■ EXERCISE REQUIREMENTS:
Below this line is the material. Write out only its lines from the one containing "Номинират Велизар Енчев за лидер на НФСБ" through the one containing "Evolution Timeline Singer", both kept, exactly.

■ INFORMATION GIVEN:
***

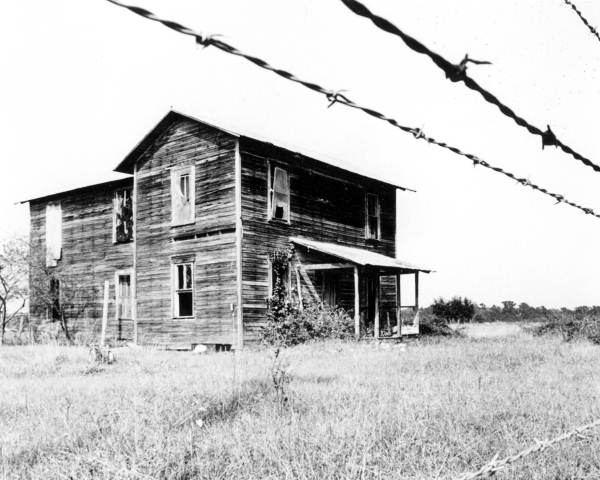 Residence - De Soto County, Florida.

***

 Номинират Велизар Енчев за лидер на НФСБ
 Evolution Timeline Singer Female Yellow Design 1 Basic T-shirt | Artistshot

***

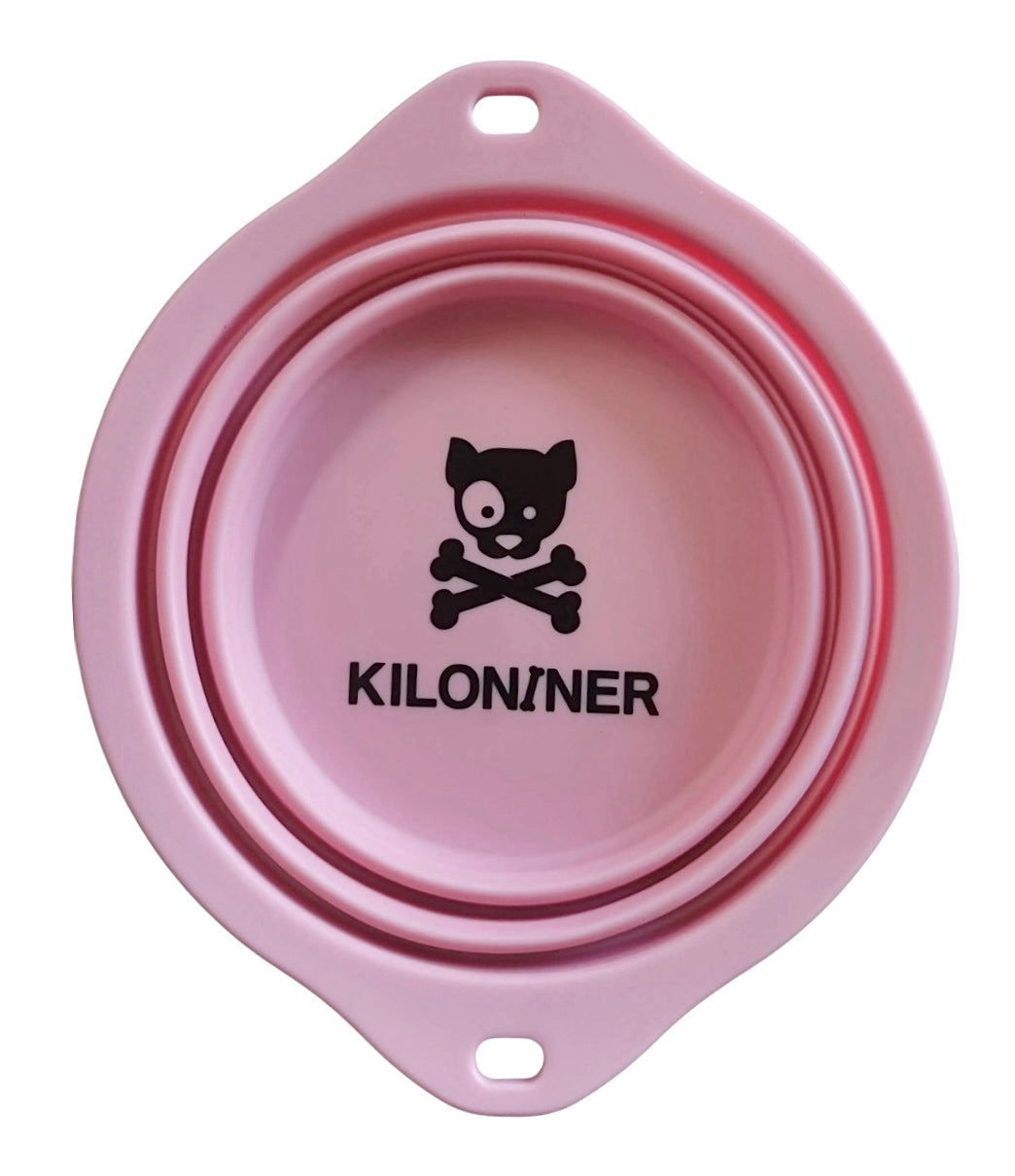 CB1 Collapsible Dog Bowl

***

■ FINISHED EXERCISE:
 Номинират Велизар Енчев за лидер на НФСБ
 Evolution Timeline Singer Female Yellow Design 1 Basic T-shirt | Artistshot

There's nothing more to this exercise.